White, western theology has sat at the center of biblical interpretation for so long that all of our debates can only be about what the text “really” says. And when we know that the text doesn’t say what it must we create a theological paradigm (reading in light of the rule of faith) that enables us to say that everyone has to agree with us even when we’re disagreeing with the text because the people who gave us the text used our paradigm to pick which books belong.
The problem of whiteness in theology and theological interpretation is that it has sat at the center for so long, it has been “the right answer” for so long, that it is dispositionally incapable of recognizing that it only says what it says because it is white, western, and hegemonic.
Theological interpretation of scripture should (to survive as an academic discipline it must) model itself after the work of “minority” scholars in its self-awareness and honesty about its revisionist theological readings.
But it can’t.
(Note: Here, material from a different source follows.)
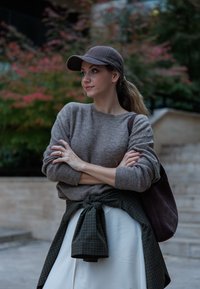 Rjav pleten pulover, bela satenska krila, zelena karirana srajca zavezana okoli pasu, rjav klobuk, rjava torba za prenos. Ozadje ima zamegljeno zelenje.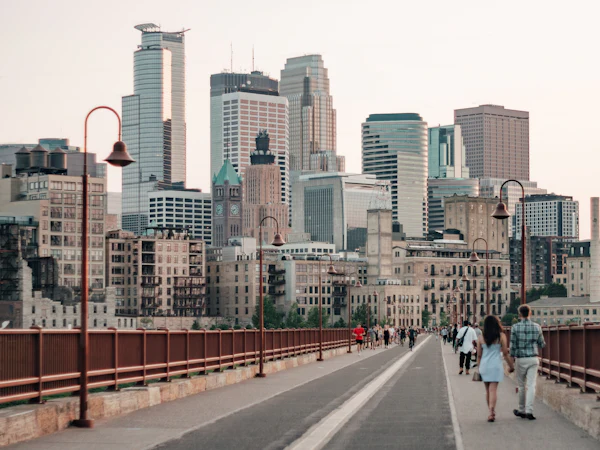 People walking across the Stone Arch Bridge toward downtown Minneapolis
It won’t. Because there’s too much power in saying, “This is the right answer.” It’s powerful from the pulpit, it’s powerful from the lectern.
Toward Theological Humility
I have a dream.
My dream is simply this: that (white, male, mainstream) Christian scholars would be able to say, “I am a Trinitarian. Here is what the text probably says. I’m going to allow that to inform / bolster the theology I came here with in x, y, and z ways; the text is problematic for a fulsome Christian theology in a, b, and c ways, so we must reread the text in light of our commitment to (/the reality of) h, i, and j.”
The reality is that the texts we have do not provide us with the theology or ethics we need or want as a church. Maybe it’s ok that we have 1900 years of subsequent theological reflection to say what we need to say. Maybe it’s ok that everything we want to say isn’t there for us in black and white.
That’s a risk that most of us, it seems, are not yet willing to take.